Friday, February 26, 2010

What about Southern Irreligion?

Art Remillard

As one brilliant (and humble) reviewer summarized, volume one of The New Encyclopedia of Southern Culture "is comprehensive, relevant, and representative of past and present trends in the field of southern religion." If there is something missing here, chances are Sam Hill's hulking Encyclopedia of Religion in the South would have it.

Yet this morning, while flipping through the entries and indexes of both, I couldn't find a single reference to southern irreligion. No atheism, agnosticism, freethinking, or skepticism. And why would I? As Randall "Emotive Cutting Language" Stephens rightly said, the South is "the prayer capitol of America." But academic historians are in the business of finding new and unexplored topics (and convincing us of how important these topics are).

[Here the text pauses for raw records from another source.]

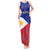 Philippines Football Tank Maxi Dress 2023 World Cup Go Filipinas Feather Flag Version LT14 Women Blue - Polynesian Pride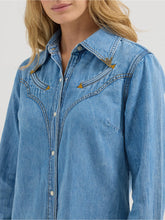 Load image into Gallery viewer, Wrangler Lainey Wilson Womens Moxie Western Denim Shirt
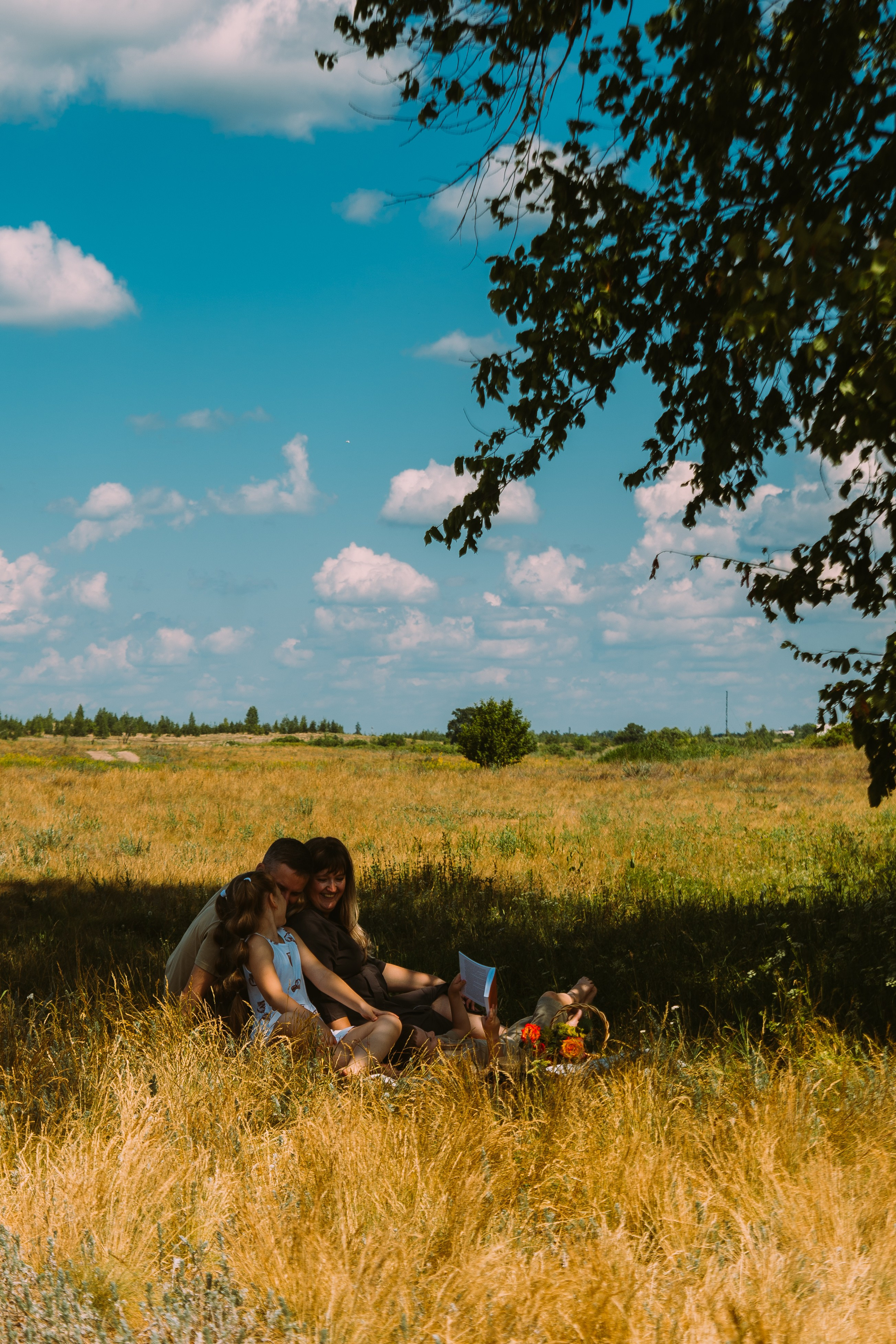 Семейная фотосессия летом с детьми. Семейный, детский фотограф в Минске Вероника Гапоненко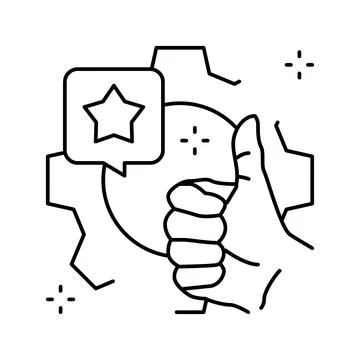 Show competence line icon vector illustration Stock Illustration
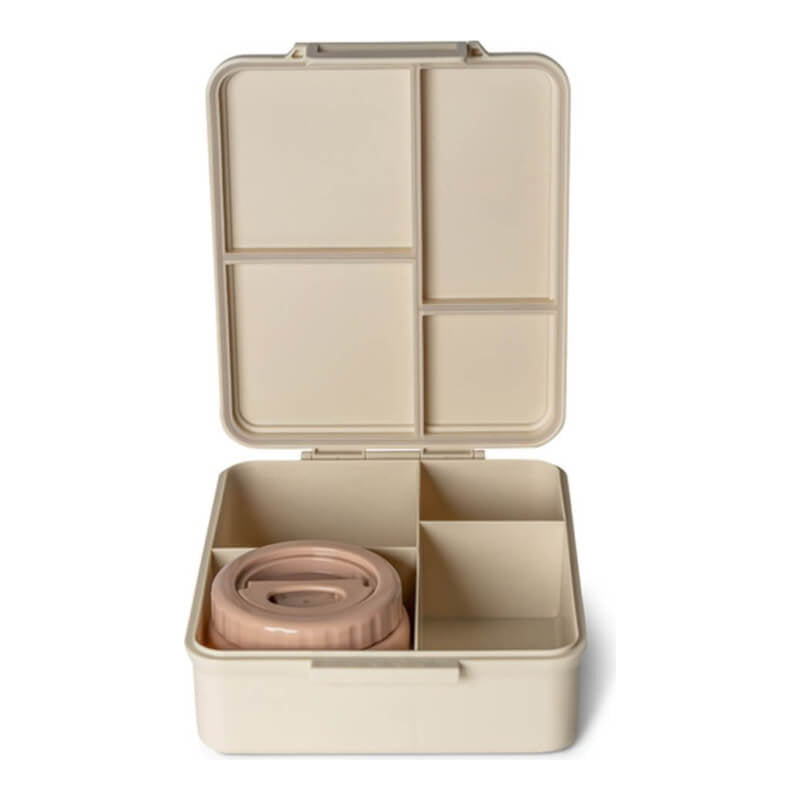 Citron Grand Lunch Box with 4 Compartments and Food Jar - Ballerina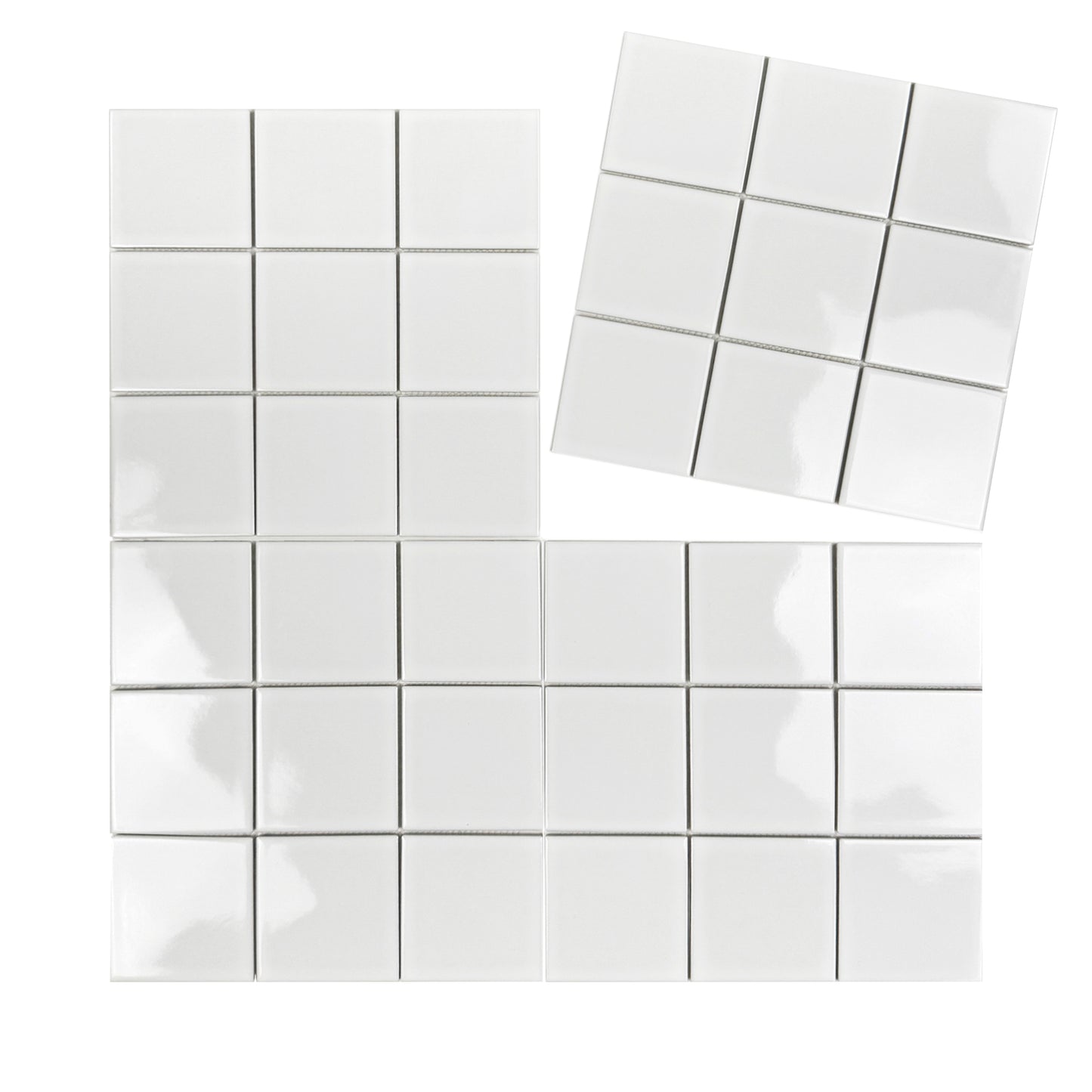 Azure Harmony White  Ordinary Glazed Porcelain Mosaic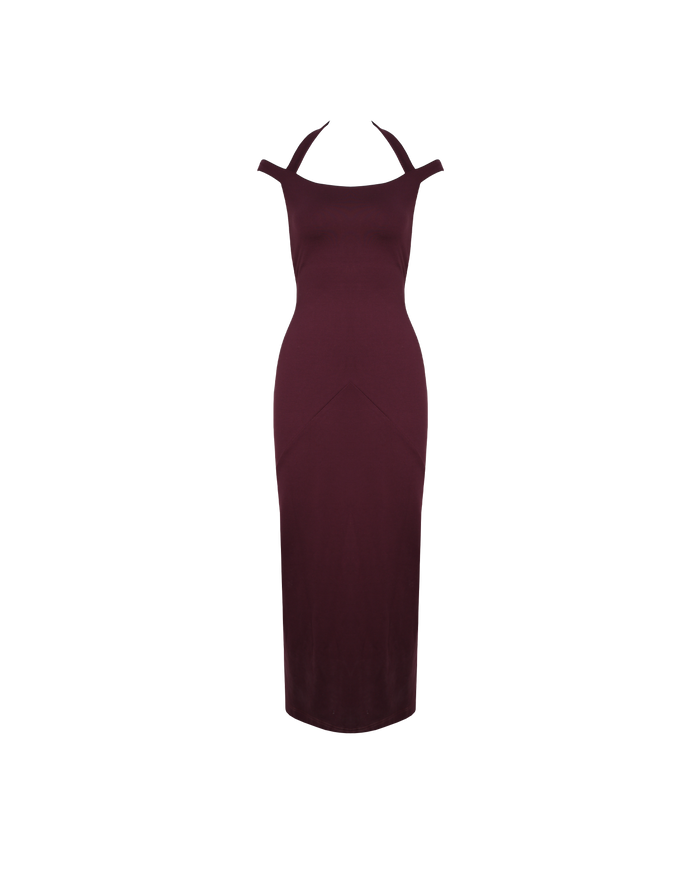 CALVIN DRESS PLUM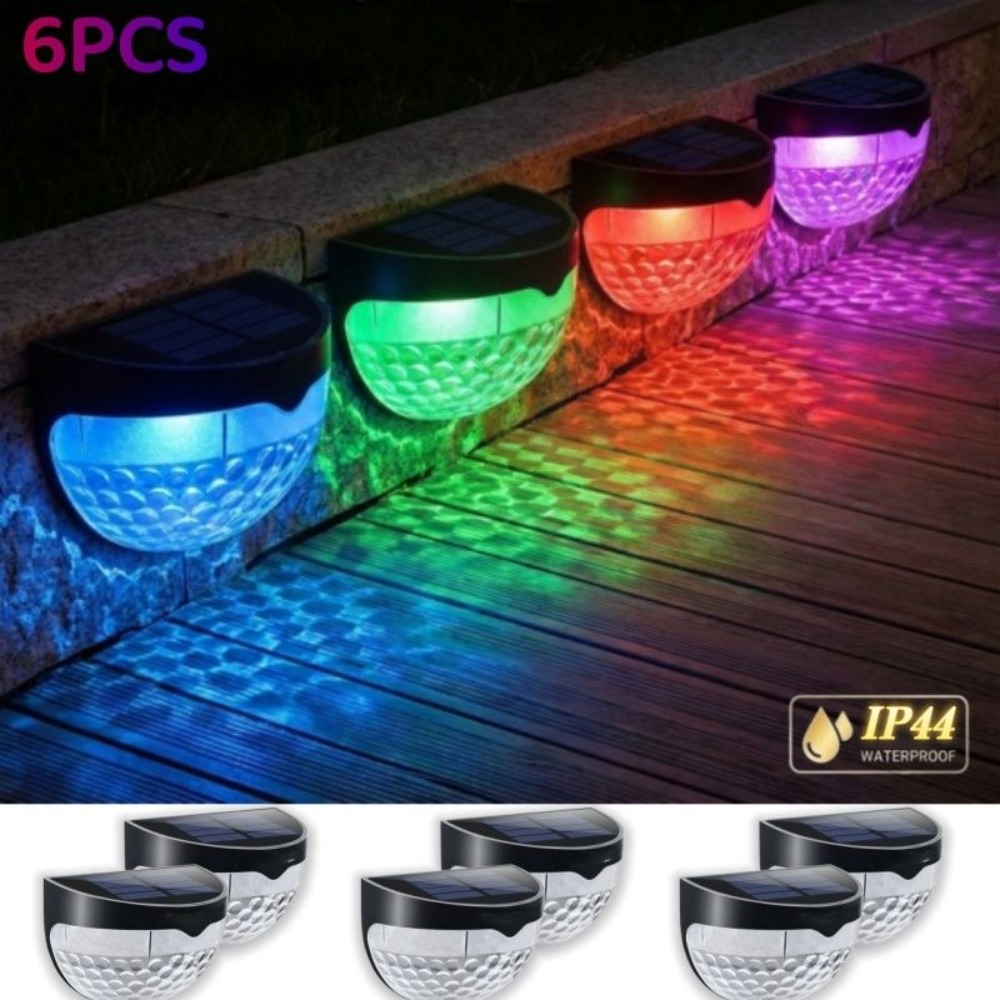 6 Pack RGB Solar Fence Lights, - Outdoor Power Post review and price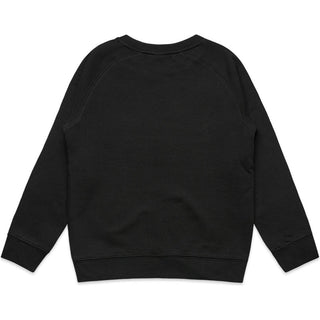 AS Colour 3031 Youth Supply Crew - Back View | color:Black|view:back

So isn't there someone willing to fill this gap? Well, we might just have somewhere to begin with John Sparks's Kentucky's Most Hated Man: Charles Chilton Moore & The Bluegrass Blade. From the book description:

...born in 1837, [Charles Chilton Moore] was the grandson of religious reformer Barton W. Stone, and was himself a minister in Versailles, Kentucky, before he left the church, passing through deism and agnosticism to eventually declare himself an atheist. Moore founded The Blue Grass Blade newspaper in 1884 in Lexington. He was only able to publish sporadically due to financial and legal problems originating mostly because of the paper's editorial content--attacks on citizens that Moore considered to be bigots (including Bible-thumpers and whiskey distillers) and his advocacy of unpopular positions such as agnosticism and women's suffrage. . . . Moore is considered one of the fathers of American atheism. The Blue Grass Blade was circulated across the country, gaining him notoriety among both the religious and non-religious. . . . His legal trials resulted in landmark Federal judicial decisions which set precedents in the areas of both freedom of religion and
freedom of the press.

Stylistically, the book is similar to Sparks's biography on "Raccoon" John Smith (subtitled, Frontier Kentucky's Most Famous Preacher--I'm seeing a pattern here). In his review, Craig Thompson Friend lamented Sparks's penchant for prolonged digressions, reliance on outdated sources, and lack of attention to the historiography. The same can be said of Kentucky's Most Hated Man. But Sparks is not an academic historian. And he seems rather unconcerned with our insights and criticisms. Still, the book might be conversation starter. Citing Susan Jacoby's Freethinkers, Sparks observes that Moore came along during the "Golden Age of Freethought," and modeled himself after "The Great Agnostic," Robert Green Ingersoll.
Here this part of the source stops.